• DIRECTIONS FOR THIS TASK: Would you transcribe the entries below word for word, omitting all images?
********
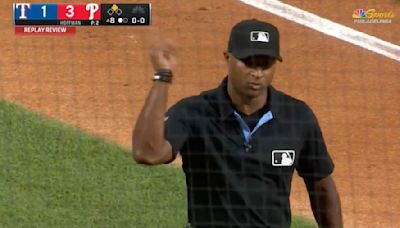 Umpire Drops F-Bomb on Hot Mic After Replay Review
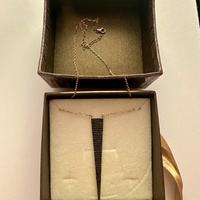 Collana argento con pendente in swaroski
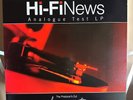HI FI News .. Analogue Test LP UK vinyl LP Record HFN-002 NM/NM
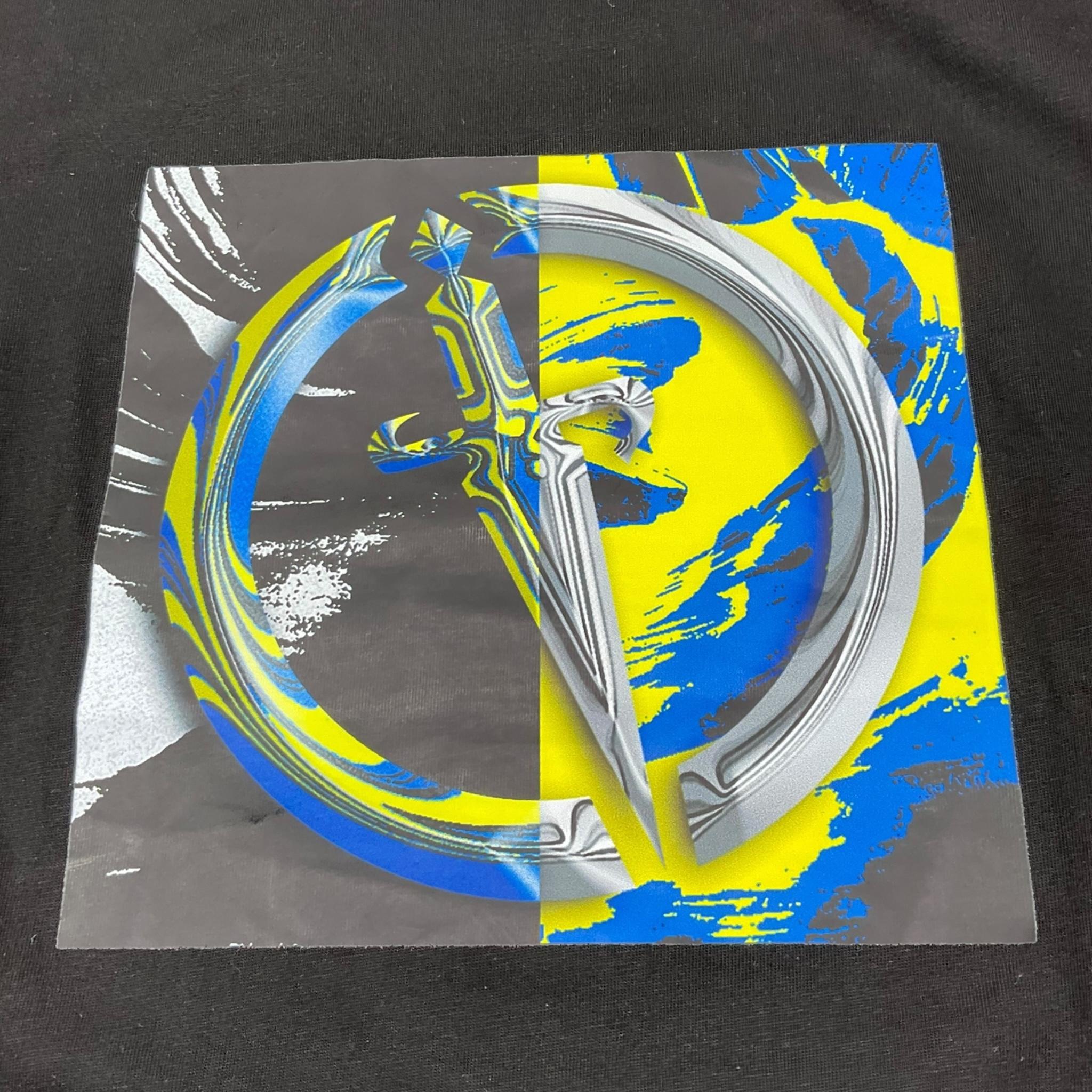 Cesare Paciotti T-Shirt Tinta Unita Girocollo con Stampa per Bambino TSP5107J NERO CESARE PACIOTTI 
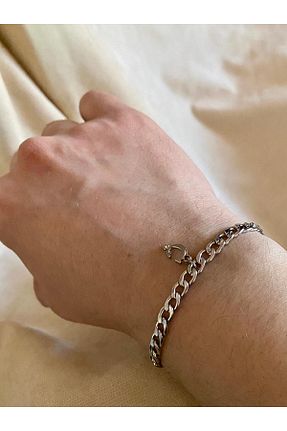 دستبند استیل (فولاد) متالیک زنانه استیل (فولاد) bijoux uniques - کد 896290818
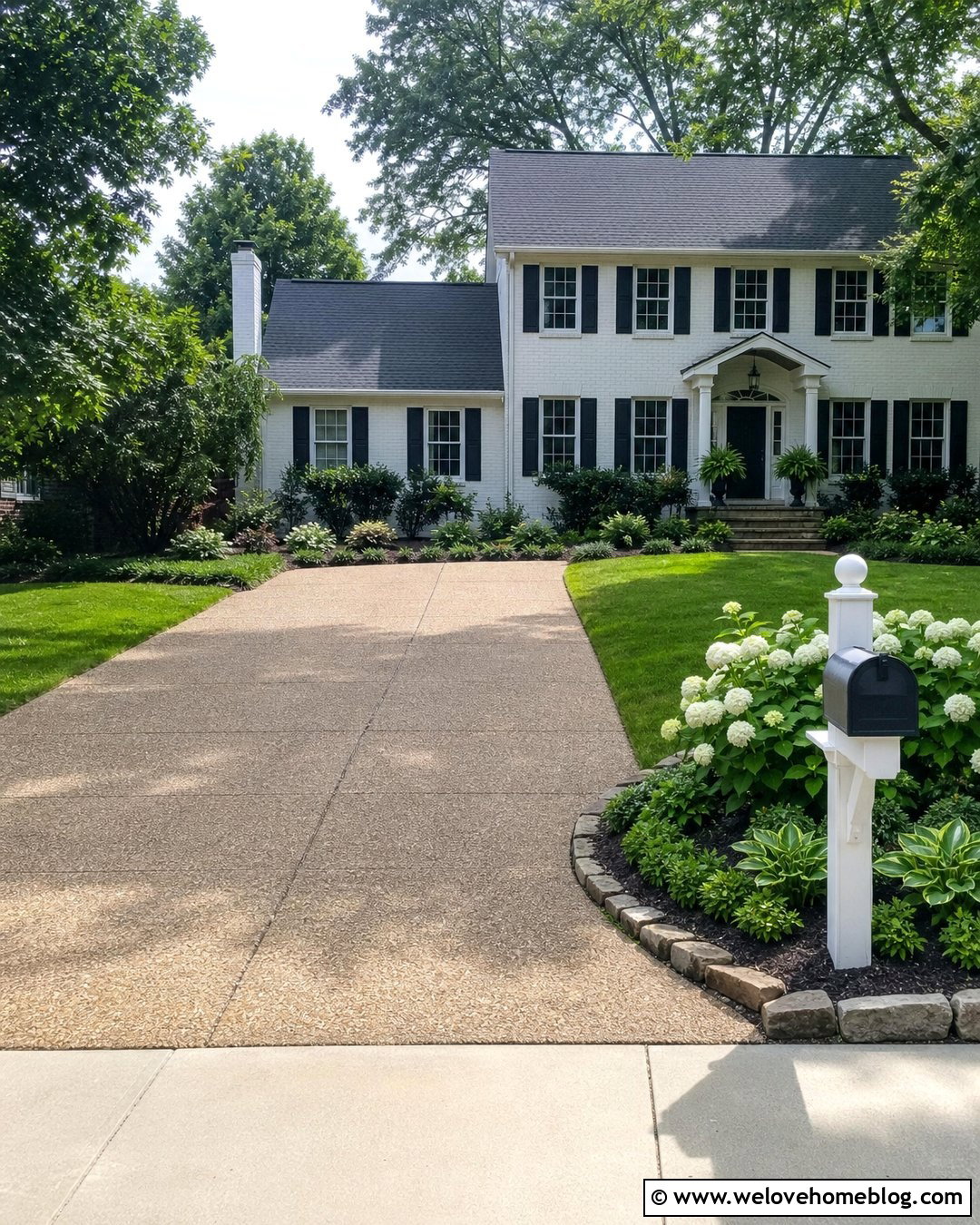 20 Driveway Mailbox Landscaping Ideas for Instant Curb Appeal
********
• PROBLEM SOLUTION:
 Umpire Drops F-Bomb on Hot Mic After Replay Review
 Collana argento con pendente in swaroski
HI FI News .. Analogue Test LP UK vinyl LP Record HFN-002 NM/NM
 Cesare Paciotti T-Shirt Tinta Unita Girocollo con Stampa per Bambino TSP5107J NERO CESARE PACIOTTI 
 دستبند استیل (فولاد) متالیک زنانه استیل (فولاد) bijoux uniques - کد 896290818
 20 Driveway Mailbox Landscaping Ideas for Instant Curb Appeal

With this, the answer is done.